The most formidable barrier to remote data collection was network connectivity, she says. “We would try to do phone calls specifically on market days for the households we had a hard time reaching, when they would most likely come to an urban setting to do their shopping or to sell things,” Wolf says. “We think making that extra effort made a difference.”

Even small changes can make a big difference in reaching participants and help demonstrate where future investments could make the most impact, she says.

Sharon Wolf sits at her desk speaking with someone.
Sharon Wolf has conducted extensive research in West Africa for much of her career, in Ghana and in Ivory Coast. (Image: Courtesy of Penn GSE)


Surprising findings

“We had some puzzling and surprising findings, which actually we think are really important,” Wolf says. “We saw that it worked for parents who had some formal education but not for those with no schooling experience, which was an important lesson to learn.”

About 35% of the parents had some experience in school, from one to five years, but the other 65% had never been to school, Wolf says.

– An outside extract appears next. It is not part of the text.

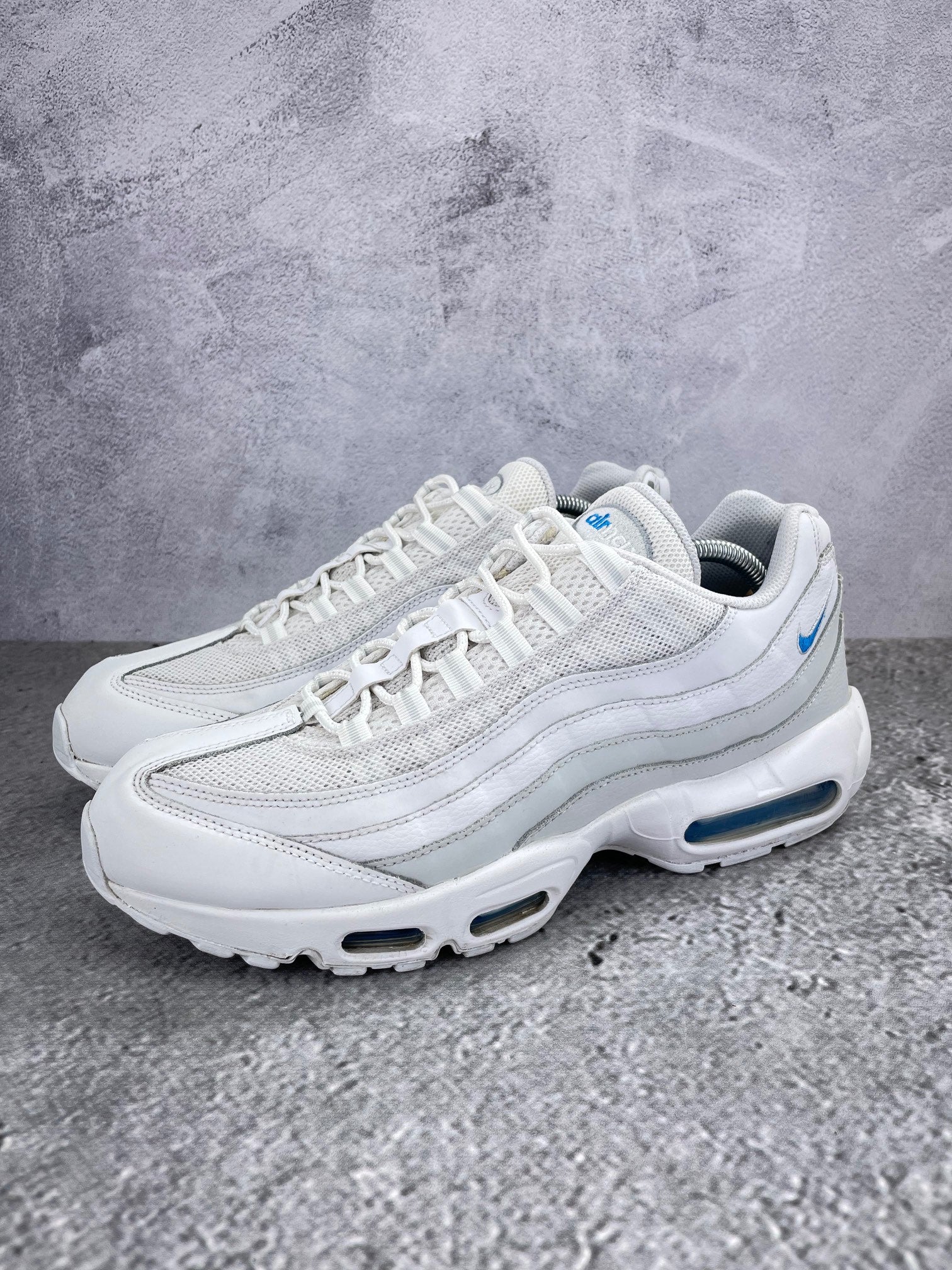 Nike Air Max 95 “Photon Dust / Photo Blue” Photon Dust / Photo Blue - buty sportowe, widok z boku na tle studyjnym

“For the families whose parents had some formal schooling, the texting program had benefits, and parents were engaging more in their children’s education,” Wolf says. “They were asking their kids about school, reading more to them, helping them with their homework, talking with them about their future goals and aspirations, and their children actually had some improved schooling outcomes, with better social and emotional development.”

But for some of the parents who had never gone to school, the text messages actually reduced educational engagement, she says. “We think it’s possible that the messages to them signaled that there are things they should be doing that maybe they felt they weren’t equipped to do, and so they actually ended up feeling less confident about their parenting skills and then actually engaged less with their kids about school.”

As a result, the team members are going to refine their approach based on more research this year, she says. They are working with partners at the University of Ghana to conduct focus groups and interviews with parents and teachers. The team plans to revise and further develop the SMS texting program based on those results and to conduct pilot programs to test their new approaches.

“We have to do a lot more community-based, participatory research where we’re really listening to parents to find out what they feel they’re doing well and where they feel they need support and use that to build more strengths-based programming,” says Wolf, who plans to travel to Ghana this summer.

She also hopes to involve the children in the redesigned program, she says, and to eventually expand the program to support teachers and teaching quality by using messages to encourage teachers to provide more activity-focused and play-based opportunities for learning.

The experience with this study, she says, has had a direct impact on her research agenda in rural Ghana and Cote d’Ivoire. She has extensive experience working in West Africa, including a Jacobs Fellowship to examine ways to support early childhood development and education and family well-being.

“I’m really interested in the role that families and schools can play in providing opportunities for children who face adversity,” she says. “How can we give both parents and teachers the tools to be able to create those opportunities for children? How can we actually make it work for the families?”

And she says she hopes that the texting support program can be expanded across Ghana “but in a way that’s targeted to parents that ultimately really supports them to invest in their children’s education and to support their children’s development and build on what the parents are already doing well.”

The study authors are Sharon Wolf, associate professor at the University of Pennsylvania’s Graduate School of Education; Autumn Brown, Penn GSE doctoral student and research fellow; Elisabetta Aurino a researcher with Imperial College London; Edward Tsinigo, a research manager at Innovations for Poverty Action in Ghana; and Richard Murphy Edro, a research associate for IPA’s Parental Nudges Project.